REQUIREMENT:
Reproduce the records that follow exactly; any picture among them stays out.

[Stored items]
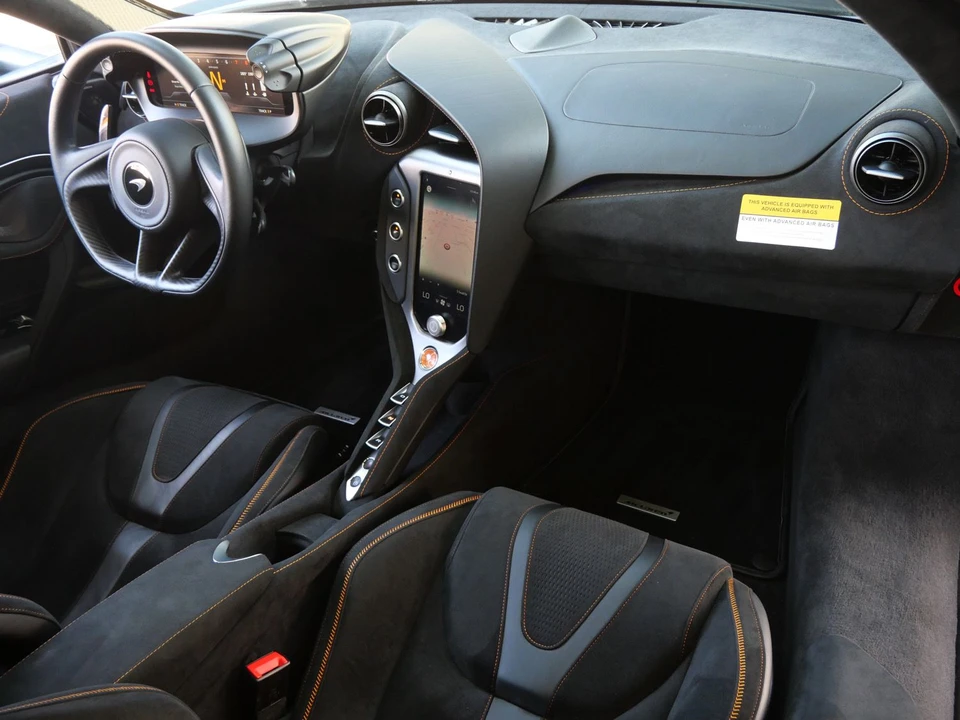 2025 McLaren 750S Coupe - Image 10 of 28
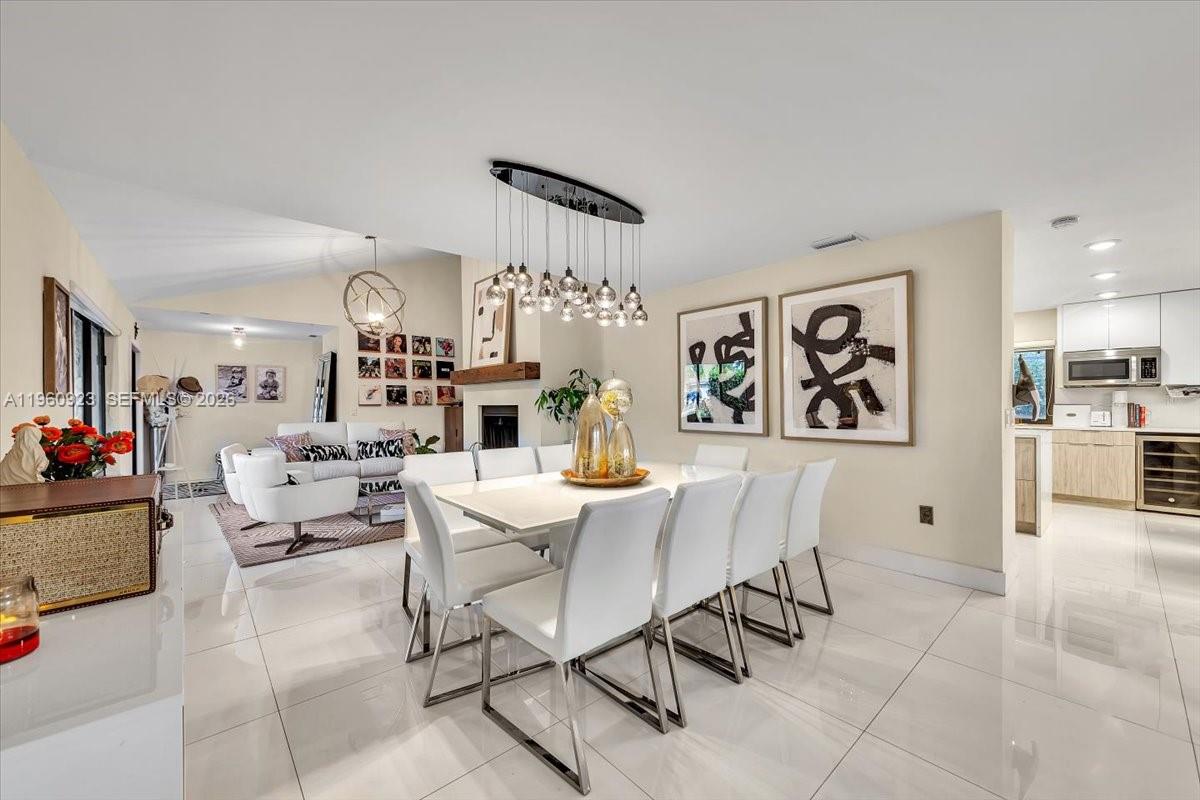 311 NW 101st Ter Coral Springs, FL 33071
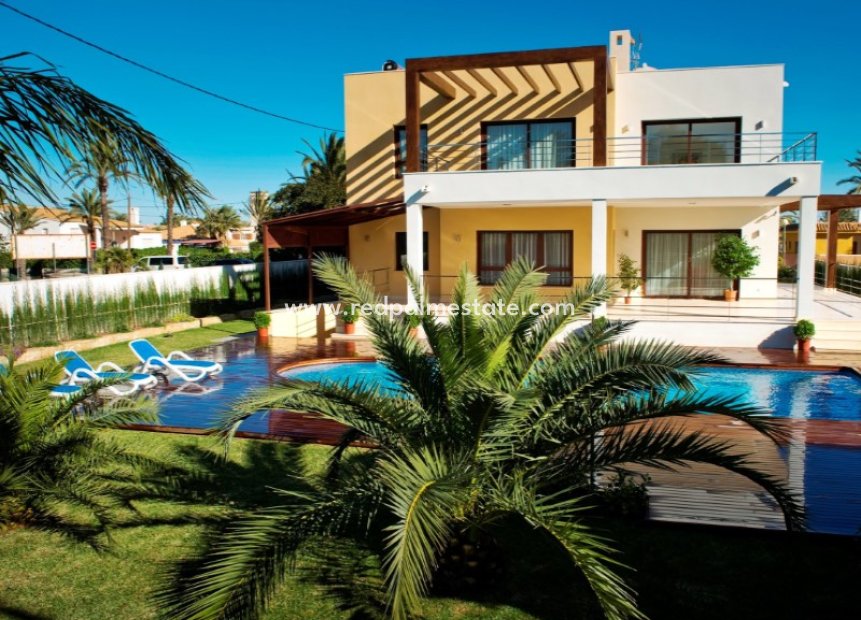 Återförsäljning - Villa -
Orihuela Costa - Inland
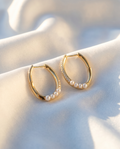 Goldfarbene Creolen mit Strass und kleinen Perlen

ANSWER BOX:
 2025 McLaren 750S Coupe - Image 10 of 28
 311 NW 101st Ter Coral Springs, FL 33071
 Återförsäljning - Villa -
Orihuela Costa - Inland
 Goldfarbene Creolen mit Strass und kleinen Perlen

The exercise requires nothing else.